The mechanical platforms are categorized as follows: beam^{41,42,43,44,45,46}, thin-film bulk acoustic resonator (FBAR)^47,48,49,50, surface acoustic wave (SAW) resonator^{51,52,53,54,55}, optomechanical crystal (OMC)^{56,57,58,59,60,61,62}, Lamb-wave resonator (LWR)^{26,27,28,29,63,64,65}. The blue dashed reference line marks the THz frequency threshold (300 GHz).

Discussion

In this work, we demonstrate mechanical resonance frequencies up to 220 GHz based on thin-film LN. By systematically thinning down LN through several stages and fabricating LWRs at each thickness level, we are able to study the correlation between mechanical Q and resonator’s surface-to-volume ratio.
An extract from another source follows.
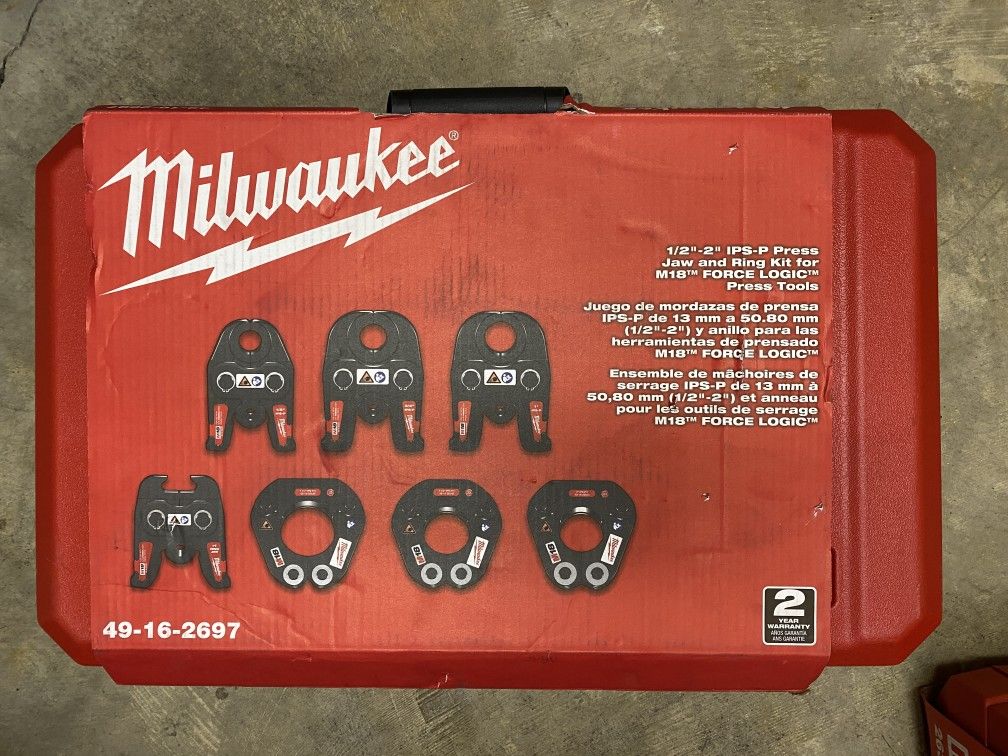 49-16-2697 M18 Milwaukee Black Iron Press 1/2”-2” Propress Jaws Brand New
This paves the way for further optimizing sub-100 nm film quality for improved device performance in THz nanomechanics. Additionally, we trace the evolution of frequency scaling in mechanical resonators, highlighting the advantages of LWRs in progressing towards THz frequencies. Our demonstration of 220 GHz operation represents a critical advance toward the domain of THz nanomechanics, a regime with new physical challenges and application potential. At these frequencies, the acoustic wavelengths become comparable to sub-100 nm thicknesses, making device performance increasingly sensitive to nanometer-scale imperfections and pushing both material characterization and fabrication to their limits. Operating at these high frequencies also offers an advantage for probing the Landau-Rumer regime, where phonon-phonon scattering behavior changes fundamentally and the fQ product is predicted to scale favorably with frequency. Furthermore, by accessing a spectral region relevant for molecular fingerprinting, this advance lays the essential groundwork for integrated THz spectroscopy and sensing systems, and enables hybrid platforms with emerging THz photonics and electronics.

Methods

Nanofabrication

Initially, an LNOI chip with multiple thickness stages from 67 to 300 nm is prepared. These different thicknesses are achieved through multiple blanket ion-milling cycles, with Si chips placed on top of the completed LN regions between cycles to prevent further etching. For device fabrication, a gold electrode pattern is defined through electron-beam lithography, with polymethyl methacrylate as the resist, followed by a liftoff procedure. Next, the release window pattern is defined using hydrogen silsesquioxane resist and then argon-ion-milled to fully remove the LN layer within the designated area. Finally, the mechanical resonators are suspended by etching away the silicon dioxide beneath the LN beam with buffered oxide etchant. A detailed fabrication process flow is illustrated in the supplementary document section 1.

Calibration

Scattering parameters are measured using a Keysight E8361C network analyzer with frequency extenders covering 67–110 GHz (N5260-60003), the D-band (WR6.5-VNAX), and the G-band (V05VNA2-T/R-A). For each band, a tier-1 calibration is initially performed using off-wafer calibration standards, applying the line-reflect-reflect-match (LRRM) method. Subsequently, a tier-2 calibration is performed with on-chip calibration standards, utilizing the through-reflect-line (TRL) calibration technique. TRL transmission line parameters: signal width 40 μm, ground width 135 μm, signal-ground gap 12.5 μm.